Fuels are still the main source of global energy generation. With the advancement and growth of industry, commerce, and population, there is an increasing demand for energy. The need for energy requires an increase in its production. To achieve this, it is necessary to refine crude oil more and more, as well as to consequently demand the unit operations involved, including heat transfer in the preheating battery exchangers (BPA).

The heat exchangers of the BPA reuse the heat from the distilled fractions of the atmospheric and vacuum tower petroleum output to heat the incoming crude oil and maintain the thermal efficiency of the processes. According to [1], in only the petroleum preheating battery, the amount of energy consumed can reach 35–45% of the total energy consumption of a refinery. Thus, this reuse can lead to considerable savings. An important phenomenon in heat exchanger operation is deposition (fouling), which is manifested by the deposition of material on equipment surfaces. This deposition can occur as a result of the phase change that arises from the temperature differences between the surface and the fluid (deposition by crystallization), by chemical reactions on the surfaces (deposition by chemical reaction), or even by the growth of organisms on the surface (biodeposition).

It is an important phenomenon because the deposited material can restrict the cross-sectional area for fluid flow, causing an increase in pressure loss. This material primarily acts as a resistance to heat transfer, thus limiting heat recovery and increasing energy and cleaning costs [2].

There is a consensus that deposition by chemical reaction is the most frequent among the phenomena, as it is triggered by the high temperatures of the process. Naturally, the reactive constituents of petroleum can undergo thermal decomposition, polymerization, self-oxidation reactions, precipitation or gelation of paraffins and asphaltenes, and condensation reactions catalyzed by FeS and other salts present to produce incrustation precursors [3]. In this context, asphaltenes and polar molecules are the main causes of these phenomena and are potentiated under conditions of high temperature, pressure changes, and the nature of the solvent [4].

Asphaltenes, as per their definition, are large polar molecules with high molecular weights, constituting a distinct fraction of oil that is soluble in toluene while insoluble in low-molecular-weight alkanes. They belong to the four primary categories found in petroleum, which are categorized based on their polarity, known as saturates, aromatics, resins, and asphaltenes (commonly abbreviated as SARA). In heavy oils, these molecules exist in a colloidal state and can undergo partial precipitation when changes occur in the fluid’s solubility properties due to factors such as oil blending, alterations in temperature, or shifts in pressure. The process of asphaltene deposition onto heated surfaces may be influenced by several factors, including the higher colloid instability index of the system and an enhanced mass transfer of the fluid. Consequently, a crucial aspect in assessing the escalation of asphaltene deposition rates on hot surfaces lies in comprehending the aggregation state of the precipitated asphaltenes [5].

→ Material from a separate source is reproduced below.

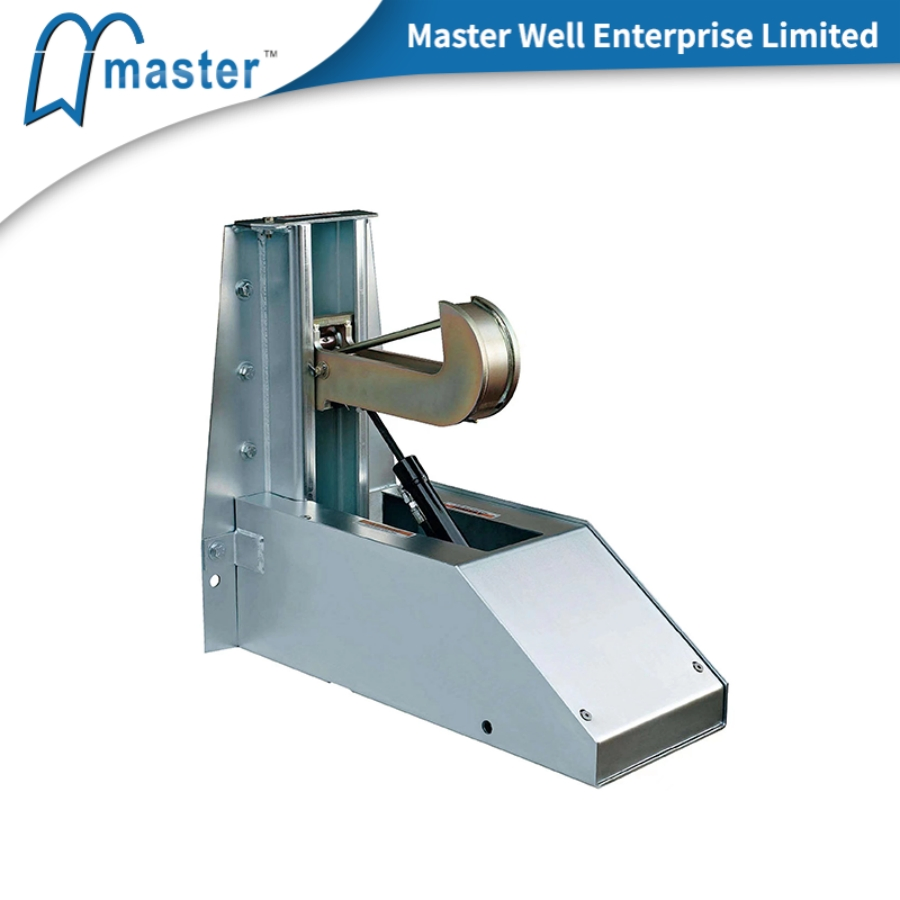 Master Well Warehouse High Quality Hydraulic Trailer System Truck Vehicle Restraint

Deposition during oil processing, from the well and through the refinery, is so common that units need to be periodically stopped for cleaning. There are several incentives to mitigate deposition in refineries, as it is closely linked to energy, maintenance, and cleaning costs, as well as production losses due to plant shutdowns for cleaning. According to [6], some control actions are applied to reduce the economic impact of fouling on refinery processes. For example, many companies invest in periodic chemical treatment programs to help significantly reduce fouling-related costs. A complete understanding of the fouling mechanism in heat exchange systems leads to designing chemical solutions that can achieve maximum fouling inhibition efficiency. Among the classes of chemicals used, we can mention dispersants to limit the size of solid particles in the system, corrosion inhibitors to minimize contact between the metal surface and the corrosive fluid, coordination metals that reduce the catalytic activity of the heat exchanger metal in fluid polymerization reactions, and polymerization inhibitors that reduce the free radical polymerization of olefins and some sulfur compounds present in petroleum.

Other solutions focus on predicting the deposition phenomenon based on the determination of thermal resistance to fouling (R_f), which, by definition, is the ratio of the deposit thickness (δf) formed on the heat exchanger wall to the thermal conductivity (λf) as the deposit increases. However, thermal conductivities are often deduced from changes in overall heat transfer performance and not from estimates of deposit thickness, which are therefore subject to large uncertainties [7].

Thus, it becomes important to gather a set of experimental data for model development and for understanding and interpreting the phenomenon. There are several mathematical models that can predict the deposition or fouling rate over time. Semi-empirical system models consider the effects of operating conditions (temperature and velocity) and use experimental data to estimate parameters in a model based on the threshold fouling rate proposed by [8,9,10].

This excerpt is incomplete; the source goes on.